外山 ……で、ぼくのほうからこの“はじめに”の部分に関連して説明しておきたいことも何点かあって、まず7ページから11ページにかけての、著者が体験した反原発運動のことですね。“3・11以降”の反原発運動は、もちろん事故直後はみんなパニックに陥ってるし、反原発運動どころではなく“とにかく避難を!”というような状況だったとは思いますけど、“運動”的にはしばらくは異様に静かだったんですよ。反原発デモはそれなりにあちこちで呼びかけられるのに、まったく盛り上がらない。“これだけの事故が起きたのになぜ?”という無力感が従来からの反原発派の間に拡がってたんですけど、なぜ盛り上がらなかったかと云えば、“まだそれどころじゃない”という以上に、まさに“従来からの反原発派”つまり“また例によっていつもの左がかった人たち”が呼びかけてたからです(笑)。で、7ページにあるとおり、事故から約1ヶ月後の4月10日、松本哉の率いる「素人の乱」が中野・高円寺で主催した反原発デモに、いきなり1万人以上の人たちが集結して、やっと盛り上がり始める。

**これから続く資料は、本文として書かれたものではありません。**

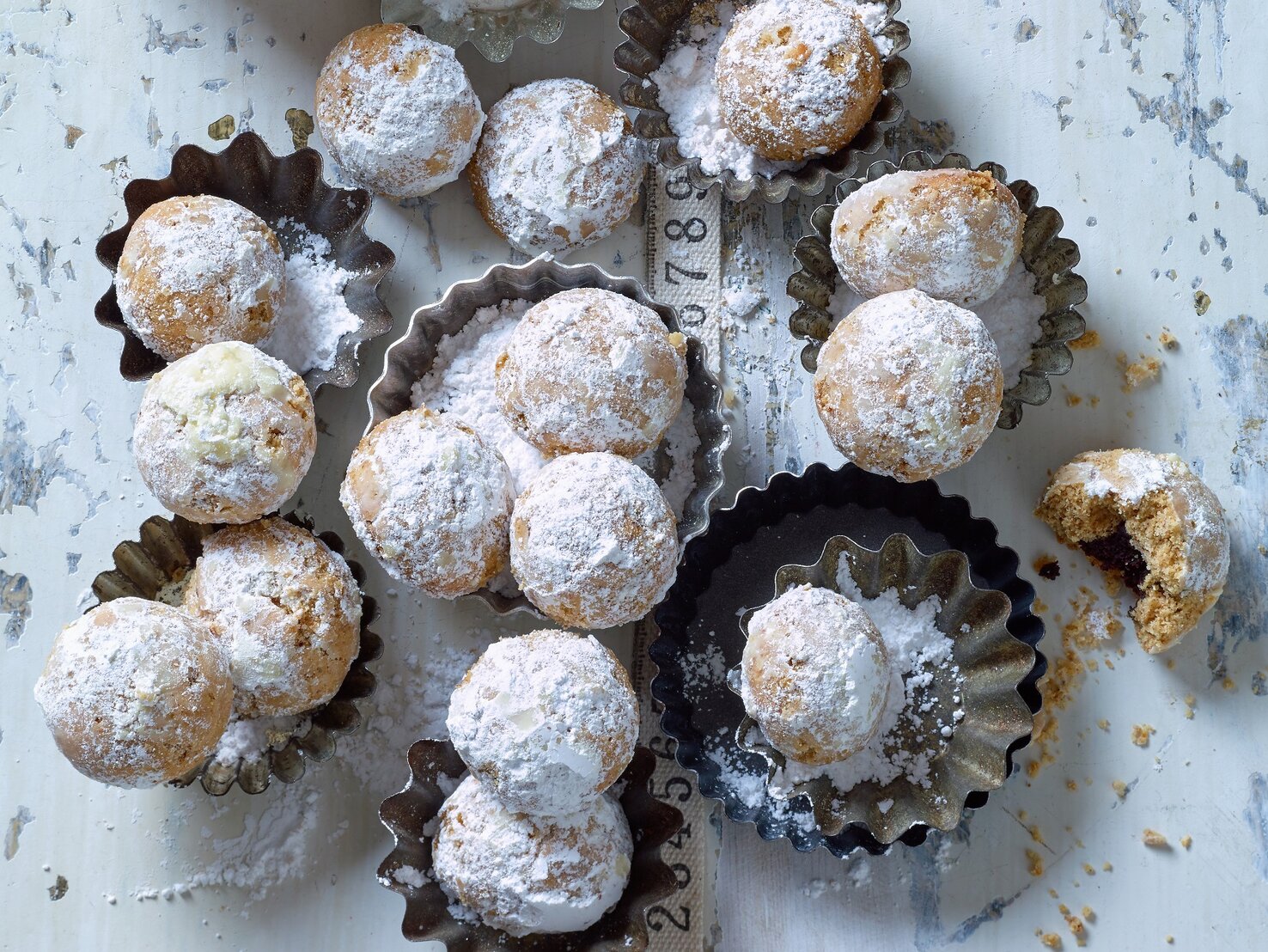 Einfaches Schneebälle-Rezept mit Walnuss Einfaches Schneebälle-Rezept mit Walnuss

 松本哉という人は、みなさんご存じでしょうか? 一応説明しておきますと、90年代後半に首都圏の“運動シーン”に彗星のごとく登場してくる人ですが、初期の活動はハショるとして、00年代後半には高円寺を拠点に「素人の乱」というグループを結成して、さまざまな“バカバカしいデモ”を繰り返してたような人です。放置自転車の撤去に抗議する“オレの自転車返せデモ”とか、“家賃反対デモ”とかですね(笑)。で、その松本哉がまた何かヘンなデモをやろうと思って、内容は後から考えることにして、“3・11”以前からこの4月10日のデモ申請を通してあったらしいんですよ。そこへ原発事故が起きて、しかも他の反原発デモは全然盛り上がってなくて、じゃあせっかくだし“反原発”のデモにしようって話になって、それが“1万人”の反原発デモになっちゃうわけです。原発反対の声を上げなきゃと思ってはいたけど“左翼のデモ”には参加したくないという、ごくフツーの人たちが、サブカル・シーンでも元々かなり注目されてた松本哉みたいな“無思想のお祭り男”が呼びかけてるデモになら参加してもいいかな、と考えた結果としてそういうことになっちゃった。
 「めちゃくちゃ解放感があった」と著者も書いてますが、そもそも素人の乱のデモというのは“お祭り”なんです。06年の“家賃反対デモ”にはぼくも参加したけど、酒を飲みながらのデモなんだ(笑)。2、3百人のデモだったと思うけど、デモの先頭から最後尾まで酒樽を積んだ台車がしじゅう往復してて、参加者たちにどんどん酒を配るの。デモの後半はみんなもうベロベロになってて(笑)、ワケ分かんなくなってハイテンションでいろんなことを叫び散らしてる。サウンドカーからはカッコいい今ふうの音楽ばかりじゃなくて、松本君のセンスで森進一とか前川清とかもたまにもちろん大音量で流れるし、バカバカしくて楽しいんだ(笑)。この11年4月10日のデモは多少はマジメだったでしょうけど、それでもそういう“松本哉カラー”は随所に出てただろうし、著者が“解放感”を味わったというのも当然でしょう。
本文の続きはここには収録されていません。